As much as we dislike paying taxes, that's the cost of living in a civilized world.
Last week, I heard a piece on NPR about solar power. The teaser was that Pennsylvania regulators are putting a limit on how much power a homeowner can generate with solar panels.
"Why would we want to limit clean energy?" asked Vera Cole, the president of the Mid-Atlantic Renewable Energy Association.
Her question confused me. First, because the her name is Cole, which is, ironically, pronounced exactly like coal on the radio broadcast. And, second, it sounds like she has an obvious point. Her question sounds like someone (big oil) is overtly protecting their turf and power. But the truth is a little more complicated than that.

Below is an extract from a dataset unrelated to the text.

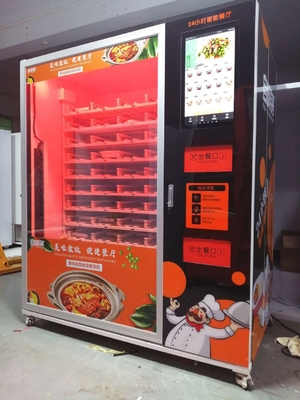 একক মাইক্রোওয়েভ সহ 3800W স্বয়ংক্রিয় ফাস্ট ফুড ভেন্ডিং মেশিন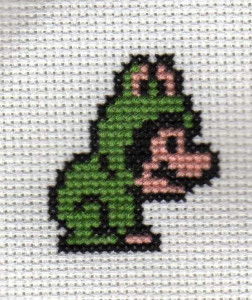frog mario cross stitch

The bottom line is that Pennsylvania regulators want homeowners to generate no more than 110% of the power they need. The reason is that the excess power generated by homeowners is sold back to the power utility. The power companies aren't equipped to handled consuming power on a large scale. If too many people generate excess electricity then the power utility can't collect enough money to maintain a reliable electricity grid. Imagine if too many people, in too short of a time, generated more electricity than the power company could handle; to the point that the poorest of Pennsylvania homeowners, the ones who couldn't afford solar panels, couldn't afford electricity from the grid?
Utilities are highly regulated. Your local water or power company can't arbitrarily raise prices. They're not as nimble and flexible as, say, a high-tech company.
Cole's question does raise an important point. The power company does need to begin planning for redistributing electricity. Wouldn't be great if power companies became redistributors of electricity from private individuals, instead of coal-buring creators of it?
So, my point about taxes is that governments need to match up funds collected with expenses. This is important as we explore more energy alternatives. Taxes on gasoline are a big portion of the price we pay at the fuel pump. Those taxes go to repairing our roads. What happens when more and more people find alternatives to use fossil fuel powered cars? I'm not suggesting that we should slow the switch from gas to renewable, clean, energy. But, we need to think about alternative sources of tax revenue. I'm actually a fan of big government, but it has to be efficiently run by effective people.